Hello Ruby On Rails!

Just like every other software developer who constantly dreams of having a tool that will fix at least some the usual problems of software development, I am really interested in new tools and languages

Ruby on Rails has been gathering a lot of attention for quite some time, and I have been considering giving it a try. One of the things that I have learned in the past is that you need a purpose to actually use a tool. Other than that, you’ll usually be taking a look at it, you’ll have a broad idea of what it does, but you’ll never really understand why it is good or bad.

For ROR case, I was lucky. I had an opportuny to contribute to an exciting project, and I had the chance of choosing the technology for implementation. So I choose Ruby. For a week or so, I have been developing with rails, and it is getting quite interesting. Rails is a full stack technology, which means (for me) it gives you all goodies in one bag, and saves you from integrating different tools.

For the Java and .NET domains, what has been bothering me is that you have many options for different tiers (especially for java). It may sound strange to complain about many options, but when you have to choose among them and interate them together, even if the integration goes well, you find your overall productivity diminished.

This is due to fact that “you” have assembled that solution. You have chosen an interaction technology (swing, windows forms, asp.net, java server faces etc..), a data access method (ado.net, hibernate, llblgen etc) and a backend (name your favorite db here)

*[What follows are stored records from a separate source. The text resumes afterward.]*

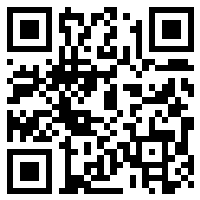 QR Code for 17aTfsRxPG9ZtJfo4KJaeLyT55sHUtMEKk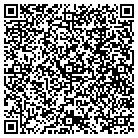 QR code with Siam Palace Restaurant contacts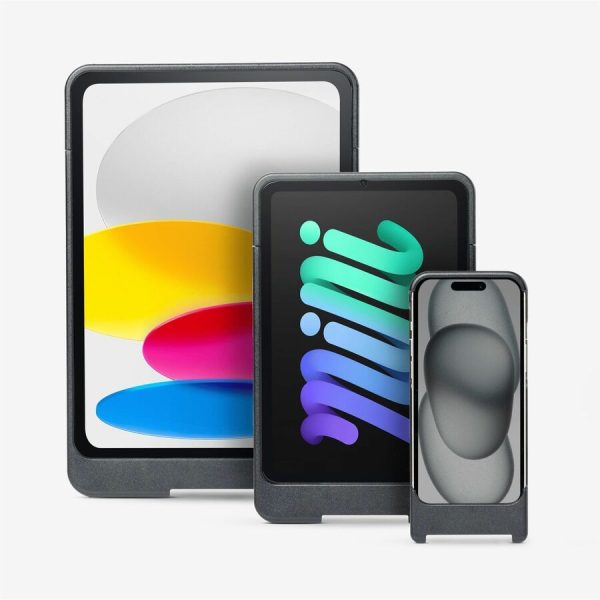 VAULT Connect System for iPhone 12, 13, 14 and Ingenico Link/2500 Reader Support - Image 7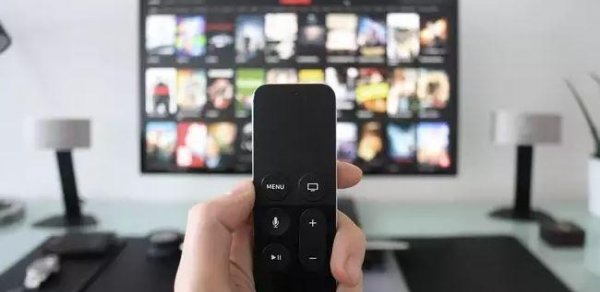 Azərbaycanda yeni televiziya açılacaq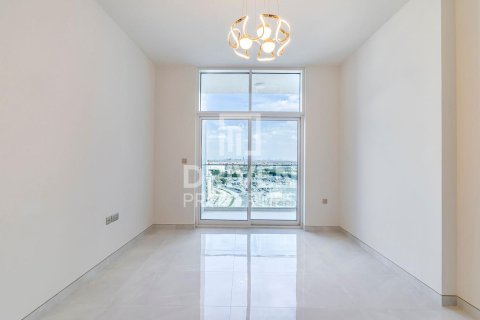 Appartement de Studio à Arjan, UAE No. 200610 9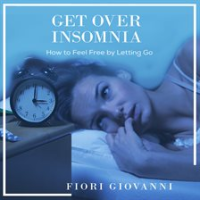 Get_over_Insomnia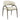 Esszimmerstuhl Charda  beige angora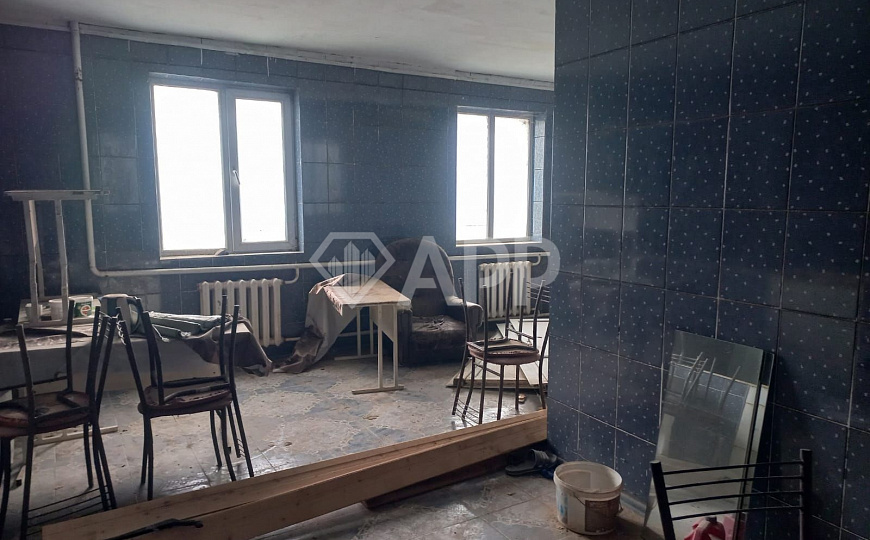 Продаю гостиницу, 320 м² фото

This combination could have been formed a zillion other ways, and during your work you always feel the stiches that combine different parts. When it comes to web development with Ruby on Rails, the whole thing is built for a purpose: effectively creating web applications. Many of my friends have commented in the same way: “you can do this in x,y,z..”. Yes, but the thing that seems to make ROR so exciting is that it is focused on a task, and it is designed with the goal of making that task easy.

So far, I can’t say I have gone deep into ROR, but even if I use a comperatively basic and small ide (Aptana), I have accomplished quite good results in terms of productivy. ROR actually pushes you towards a clean, decoupled approach, and it gives you seemles integration among different tiers.

Maybe we got too used to having a front end, some kind of ORM tool and a db, and the integration work among the layers is just “normal” for us, but you can see the amount of work gone into integration effort when you have a toolset that does it automatically for you.

And one more thing, convention over configuration really works fine when you start from scratch. More to come on this one.